Oltre alle locandine elettorali, a Roma si vede il volto del leader di Italia viva. L’iniziativa è di “Società aperta”, una community liberale nata sui social nel 2018

Dalla pagina Facebook "Società aperta"

Il volto di Matteo Renzi in primo piano, un paio di Ray Ban Wayfarer neri, l’aria da chi la sa lunga più degli altri e la scritta “Trust the plan”. Il tutto con una tonalità che rimanda ai film di fantascienza anni ’80.

Oltre alle consuete locandine della campagna elettorale per il Campidoglio, da ieri mattina a Roma stanno spopolando quelle insospettabili con il leader di Italia Viva protagonista: al momento ci sono 16 cartelloni (3×2 metri), 26 manifesti più piccoli e uno stendardo, sparpagliati tra Prati, Trastevere, centro storico e altre zone della Capitale.

Ci hanno pensato i ragazzi di “Società aperta”, community attiva sui social dal 2018 con un chiaro orientamento liberale e toni sempre sopra le righe in ogni loro post – che sia un meme o altro.

L’iniziativa “Trust the plan” ha i toni della teoria del complotto, ma elevata all’ennesima potenza: «All’inizio si diceva che Renzi avesse avuto un ruolo nella vittoria elettorale di Joe Biden, che era una cosa divertentissima», dice a Linkiesta l’admin di Società aperta. «Poi in piena crisi di governo si parlava dei piani di Renzi, l’unico che poteva far cadere Giuseppe Conte. E quando il governo è caduto veramente si è iniziato a voiferare che Renzi volesse Mario Draghi a Palazzo Chigi. A quel punto abbiamo avuto gioco facile a insistere e immaginare che ci fosse un piano di Renzi per ogni cosa».

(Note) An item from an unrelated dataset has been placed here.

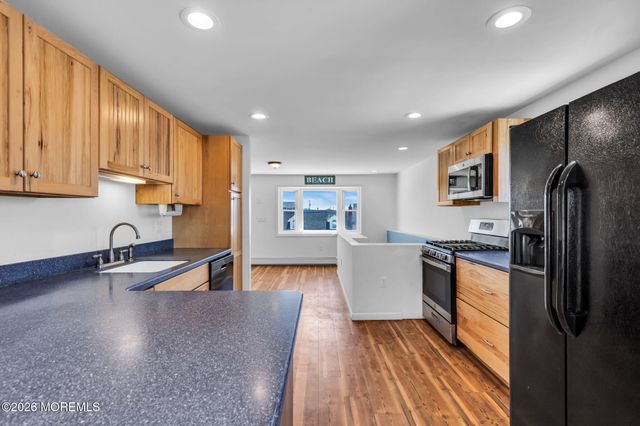 27 Robert Drive, Manahawkin, NJ 08050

Allora Renzi diventa manovratore nella spaccatura dei Cinquestelle, nell’addio di Nicola Zingaretti al Partito democratico e, perché no, anche nella vittoria dei Maneskin a Sanremo e all’Eurovision Song Contest.

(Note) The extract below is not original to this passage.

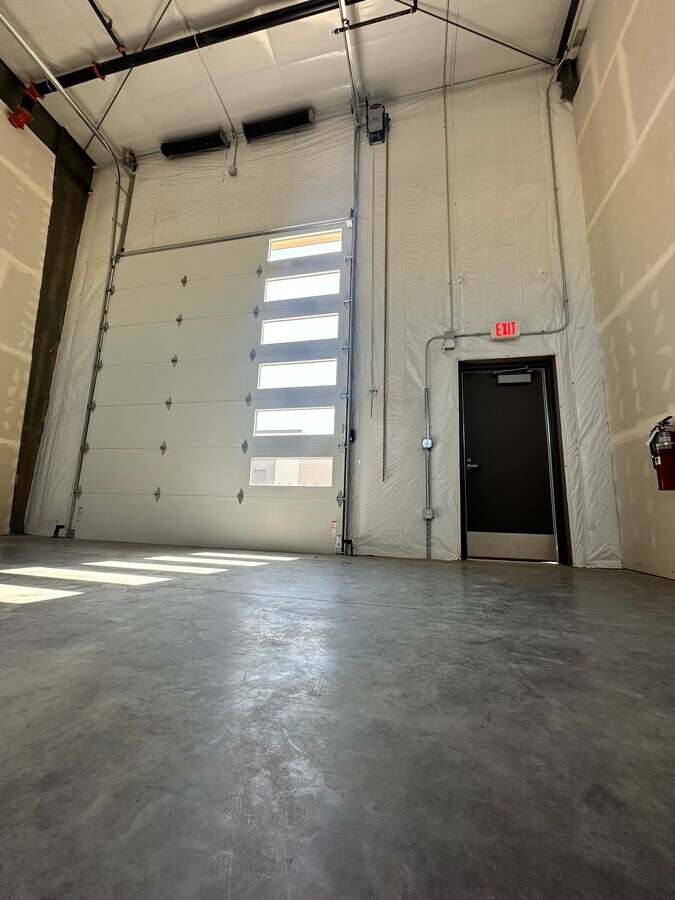 13833 E Briarwood Ave, Centennial, CO 80112 - Unit B6 - - Interior Photo - Image 1 of 14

Per la pagina Società aperta – la cui community si autodefinisce “i trustatori” o “liberali neo-bischeristi” – è stato un grande successo. Un nuovo picco per la pagina nata nel 2018 in risposta alla formazione del primo governo Conte, quello con Matteo Salvini e Luigi Di Maio vicepremier e ministri.

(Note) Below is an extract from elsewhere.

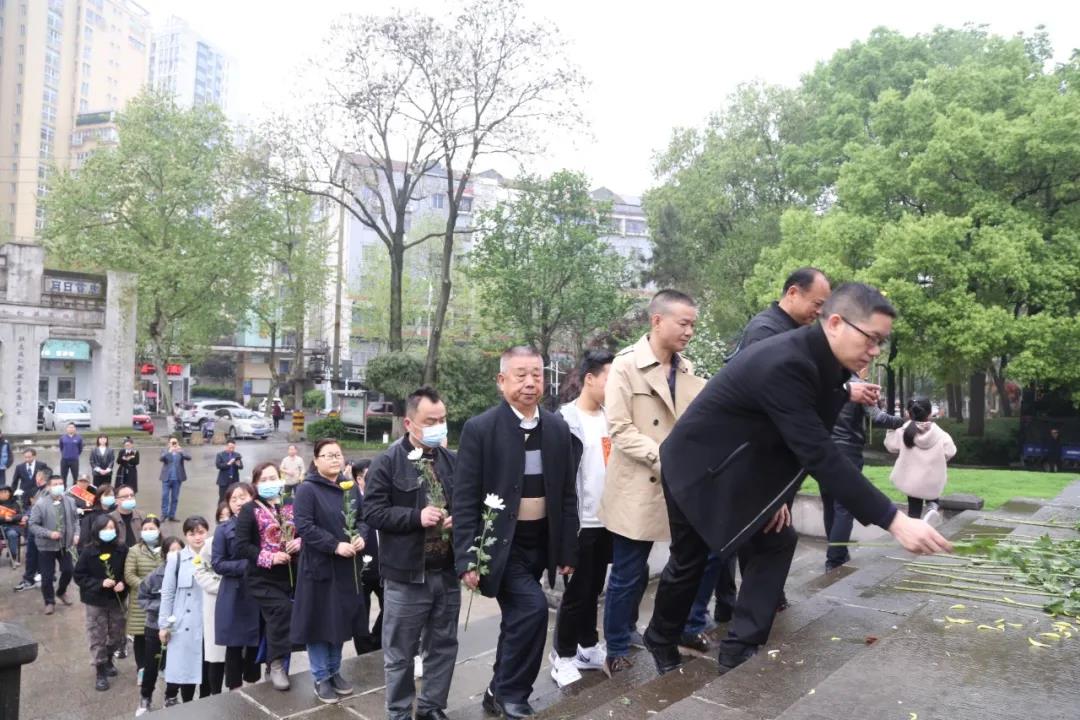 民革常德市委举行祭扫常德会战阵亡将士墓活动(图12) 民革常德市委举行祭扫常德会战阵亡将士墓活动(图12)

«La pagina è nata in un periodo di confusione politica, in cui ci siamo ritrovati un mix pazzesco al governo. Quindi l’apertura della pagina è prima di tutto un gesto di protesta, con l’intenzione di fare una satira forte ma senza scadere nell’offesa: noi diciamo sempre che quando si scherza bisogna essere seri. Più semplicemente, vorremmo creare un po’ di movimento che ci faccia abbandonare questo immobilismo politico che non lascia spazio a una moltitudine di voci», dice l’admin di Società aperta.

Proprio Società aperta, in fondo, è solo un frammento di un’intera galassia di pagine ironiche di stampo liberale che popolano i social: «Sempre perché per ogni liberale c’è un partito. Infatti come noi ci sono molte pagine, penso a Più Europa shitposting, Milton Spritzman e i Proprietari armati per il capitalismo», dice l’amministratore di “Società aperta”.

I “trustatori” però adesso sono usciti dalla dimensione social e sono arrivati in strada, si sono “concretizzati” in un gesto forte, visibile e riconoscibile come quello dei cartelloni con il volto di Renzi. Cioè dell’uomo che è diventato protagonista di numerose teorie del complotto, proprio come George Soros, Bill Gates o i rettiliani.

«L’idea nasce da un ragazzo che ha visto il cartellone di Conte a Milano (quello di ringraziamento da parte dei fan, ndr), ce lo ha segnalato e subito abbiamo concordato sul fatto che fosse rappresentazione di una politica bassa, di un modo di fare non consono. Allora abbiamo pensato che da parte nostra dovesse arrivare un gesto forte, una gesto di rifiuto verso questa politica fatta di catene di WhatsApp, gruppi sulle “Bimbe di Conte” e cose simili. Così abbiamo pensato a un cartellone».

Il progetto è stato poi finanziato con una raccolta fondi che è andata ben oltre le aspettative di “Società aperta” e al momento ha raccolto più di 3600 euro da oltre 200 donatori. Magari lo stesso Renzi la noterà. E penserà che qualcuno ha scoperto che c’è davvero lui dietro gli avvenimenti politici più importanti degli ultimi mesi.